當代表著成功通關的白光籠罩下來,遲一步蘇醒的唐依柔從地上站起,揉了揉自己的額頭。
除了驟然受到大堆記憶衝擊產生的不適,還有一種莫名的心慌。
好像有什麼出乎意料的事情發生了。
對於這個副本,她並沒有詳細的瞭解,隻記得自己被當成實驗品分割,後來又受本能驅使,對遊夏……
咳,不提也罷。
發現其他人出乎意料的安靜,唐依柔正覺得奇怪,抬眸往旁邊看去。
隻一眼,她就發現了不對勁的地方。
心中的預感持續擴大。
唐依柔下意識詢問:“小白呢?”
沒有得到回答。
遊夏垂著頭坐在地上,聶紹元似乎想說什麼,抿了抿唇還是沉默下去。
唯有旁邊的葉舟冷靜描述了剛才發生的一切。
包括擁有不死天賦的白飛恆,遊夏刻在手臂上的規則,以及,最後小白的消失。
“都是我的錯,如果我能換一條規則去寫……”
遊夏的喃喃聲還在持續,唐依柔卻反問了葉舟一個最致命的問題。
“沒有死亡,沒有播報,僅僅隻是逐漸消失?”
葉舟輕輕頷首。
唐依柔眼中閃過幾分若有所思。
如此明顯的情緒變化自然被葉舟捕捉到。
難不成身為分析局曾經最頂尖的天才,唐依柔還知道一些他們並未瞭解的事?
如果真是這樣,那就再好不過。
省得他為了救回小白,現在就去和那個龐然大物硬碰硬。
葉舟輕輕眯起眼,“告訴我,依柔,你究竟知道些什麼?”
哪怕從外表看,葉舟是他們幾人中年齡最小的,但他本身的閱歷以及怪談第一人的身份足以讓他擁有充足的底氣。
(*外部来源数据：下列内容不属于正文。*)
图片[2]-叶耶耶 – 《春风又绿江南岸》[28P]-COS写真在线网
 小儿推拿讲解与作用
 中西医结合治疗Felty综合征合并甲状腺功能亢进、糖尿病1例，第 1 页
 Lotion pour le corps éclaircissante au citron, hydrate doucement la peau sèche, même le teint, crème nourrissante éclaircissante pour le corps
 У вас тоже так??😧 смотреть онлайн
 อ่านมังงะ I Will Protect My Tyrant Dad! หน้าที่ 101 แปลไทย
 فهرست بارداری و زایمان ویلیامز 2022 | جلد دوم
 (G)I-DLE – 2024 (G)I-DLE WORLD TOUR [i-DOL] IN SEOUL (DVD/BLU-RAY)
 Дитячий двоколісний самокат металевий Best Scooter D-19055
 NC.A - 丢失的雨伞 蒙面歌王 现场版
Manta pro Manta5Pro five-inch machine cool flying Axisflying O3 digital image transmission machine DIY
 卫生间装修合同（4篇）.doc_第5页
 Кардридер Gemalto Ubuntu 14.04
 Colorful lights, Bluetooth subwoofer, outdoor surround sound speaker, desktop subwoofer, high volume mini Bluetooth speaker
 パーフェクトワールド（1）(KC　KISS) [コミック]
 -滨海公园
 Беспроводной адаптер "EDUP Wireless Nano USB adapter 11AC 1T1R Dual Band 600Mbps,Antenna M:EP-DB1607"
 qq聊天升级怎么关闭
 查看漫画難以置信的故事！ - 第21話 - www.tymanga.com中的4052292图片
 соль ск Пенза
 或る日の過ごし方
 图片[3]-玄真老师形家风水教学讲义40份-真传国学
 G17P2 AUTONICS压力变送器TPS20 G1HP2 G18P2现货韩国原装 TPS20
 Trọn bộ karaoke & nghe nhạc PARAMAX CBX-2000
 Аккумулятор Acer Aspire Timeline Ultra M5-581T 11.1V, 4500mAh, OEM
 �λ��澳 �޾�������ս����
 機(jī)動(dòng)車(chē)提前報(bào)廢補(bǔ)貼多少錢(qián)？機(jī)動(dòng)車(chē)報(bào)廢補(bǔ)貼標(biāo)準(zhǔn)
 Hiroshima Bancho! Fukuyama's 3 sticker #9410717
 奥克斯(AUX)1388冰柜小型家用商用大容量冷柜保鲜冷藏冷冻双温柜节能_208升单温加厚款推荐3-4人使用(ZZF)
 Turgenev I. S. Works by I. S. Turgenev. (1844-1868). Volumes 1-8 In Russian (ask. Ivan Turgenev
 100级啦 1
當那雙總是弔兒郎當的眸子沉下來時,任何人都會下意識臣服。
可以說,遊夏隻是這支隊伍的主心骨,葉舟纔是實際的領頭人。
遊夏聽到葉舟的問話,驀然抬起頭。
“唐姐,你是不是知道怎麼救回小白?”
唐依柔沉默了一下,微微搖頭。
她遠沒有如此神通廣大的本領,剛纔想說的僅僅隻是一些不成熟的猜測。
但這對遊夏來說並沒有用。
遊夏別開臉去,微紅的眼角殘存著水光,那幾分藏得很深的脆弱無助悄悄探出頭來。